An invited guest as his father’s execution in 1997, Jason Spence has experienced severe mental trauma in the years since then. “I’ve been in and out of psych wards,” he recalls.

Each day is a waking nightmare. Terrifying images flash through his mind. Sounds and sights recall painful memories, recollections freighted with horror. He has spent his entire adult life seeking relief from the trauma of his father’s execution, and his grandmother’s murder.

He suspects his brittle diabetic condition and chronic pancreatitis results from medical care.

Before the execution, the father and he agreed that they wanted his exoneration in the killing of three teenagers who had lived at Waco’s Metodist Home, sexual assaults and mutilation knife torture-killings he went to his death insisting he did not do.

Since that was unlikely, David Wayne Spence agreed the next best goal would be to seek redress in the courts, including money damages to provide for his children and grandchildren. He swore his son Jason, then 20, to that goal.

But it’s the evidence used to send his dad to the execution chamber that bothers him the most. His original problem was trying to figure out why he was in jail for something his father couldn’t really explain, even to himself. Jason Spence thinks his dad was killed due to political expediency. The local powers had to find a quick and plausible solution and David Wayne Spence looked just like what they were seeking, he says.
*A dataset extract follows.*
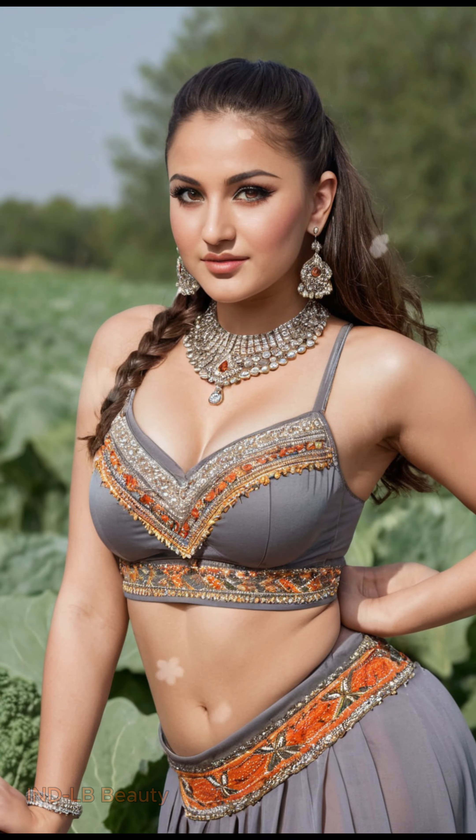A feast for the senses — 4K detail. Lose yourself in the intricate details of each garment and piece of jewelry. From the delicate hand-stitching to the textured fabrics, brought to life in stunning 4K resolution.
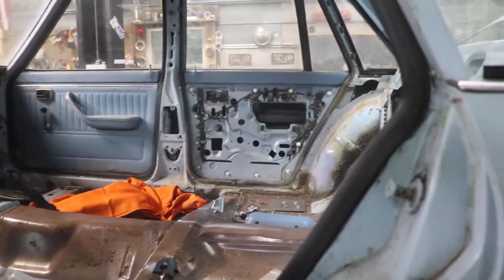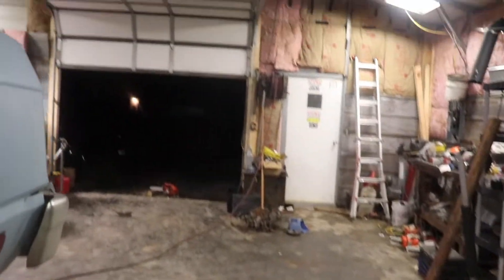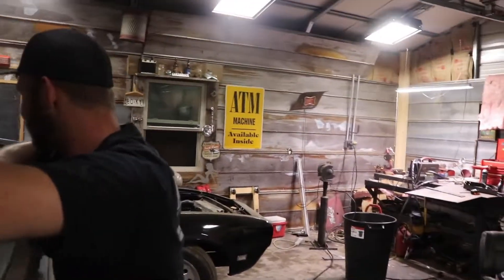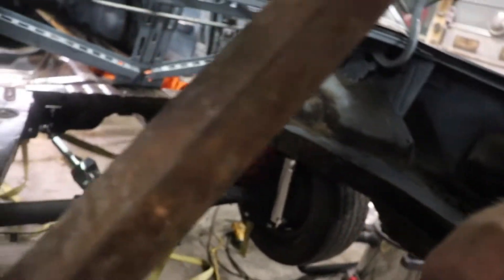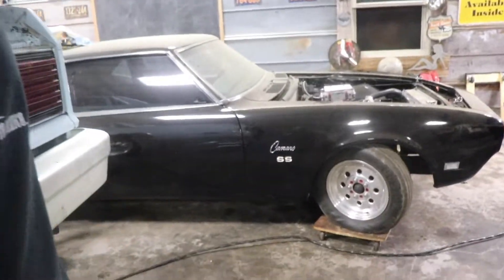We got all the torque support that it'll probably never need. Chris joked about whether we'd ever actually need those — that 300 inline six doesn't make much power.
One of his greatest resentments is that the mainstream media misquoted his father’s final words as the lethal chemicals began to flow into his blood stream.

David Wayne Spence looked directly at his family and said, “I am not guilty of this crime. I am going home.”

His second greatest concern is that the case the elected District Attorney Vic Feazell made to two central Texas juries is lame enough to need crutches.

First of all, why didn’t the defendants just run in three different directions?

Secondly, how did they get to Speegleville Park across Lake Waco from where the prosecutor claimed they were killed, at a park on Lakeshore Drive?

And, then, where is the vehicle they were transported in? There is no physical evidence to prove they were transported in any of the vehicles the state theorized they rode in. No blood, hairs, fibers – nothing.

If Raylene Rice was the target of a murder for hire conspiracy, why wasn’t she killed first – alone? Why would his father agree to kill someone he did not know, a crime for which he had no motive?

The expert testimony about the bites on Jill Montgomery’s body has been discredited as junk science.

His saga really began when the former wife of Vic Feazell, Bernadette, contacted him with an offer of help. She visited eight law firms with track records for just the kind of litigation Jason and David Wayne Spence planned so long ago, in 1997. “Only one didn’t throw me out,” she recalled.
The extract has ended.